“The Devlin Diary” was a historical fiction murder mystery that intertwined the lives of Claire in present day London and Hannah in 1672 London very well. I liked Claire’s character immediately, as she struggles with simple decisions that surround her as she starts to become attracted to some of the other professors teaching with her at Trinity College in England. A reader could easily identify with her wit and personality from the first page. Likewise, Hannah’s strength and courage is highlighted as she navigates King Charles’ dangerous court as the only female physician – something others do not condone. Taken together, the women’s stories reveal the expected intrigue and violent murders through strong writing and a solid plot.
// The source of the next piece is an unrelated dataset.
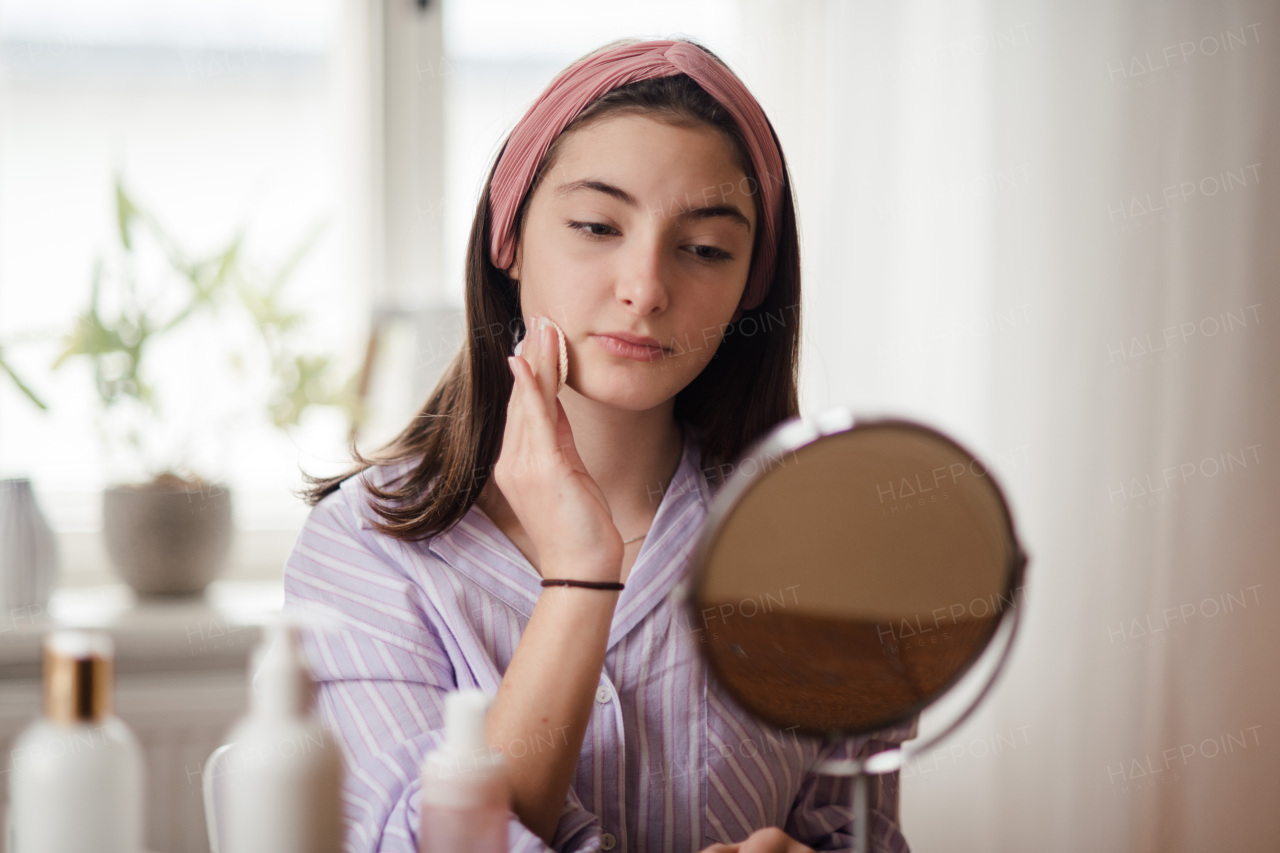 Teenage girl doing her skin care routine in the room.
The murders at the King’s court are not properly investigated because the King is implicated as a primary suspect. This perspective made me thankful for the investigative journalism that our society enjoys today. While there may be cover ups, at least there are people asking questions, and a police force working for the benefit of the people, two things that did not exist in Hannah’s time. Although Hannah’s tale is interesting, the murder mystery aspect isn’t revealed until more than halfway through the book. Claire’s story in the present is a bit more cohesive because she stumbles upon Hannah’s diary earlier on. In this respect, the second part of the novel seemed a little disjointed from the first part, each story reading as two distinct segments. Near the end, the mystery was solved a little too conveniently, as Claire and others speculate about motivations and actions which they could not possibly know. But, the story tied up well, and ultimately I would prefer a too perfect ending to one which leaves too many questions.
For anyone looking for a good historical fiction novel, I would recommend this one!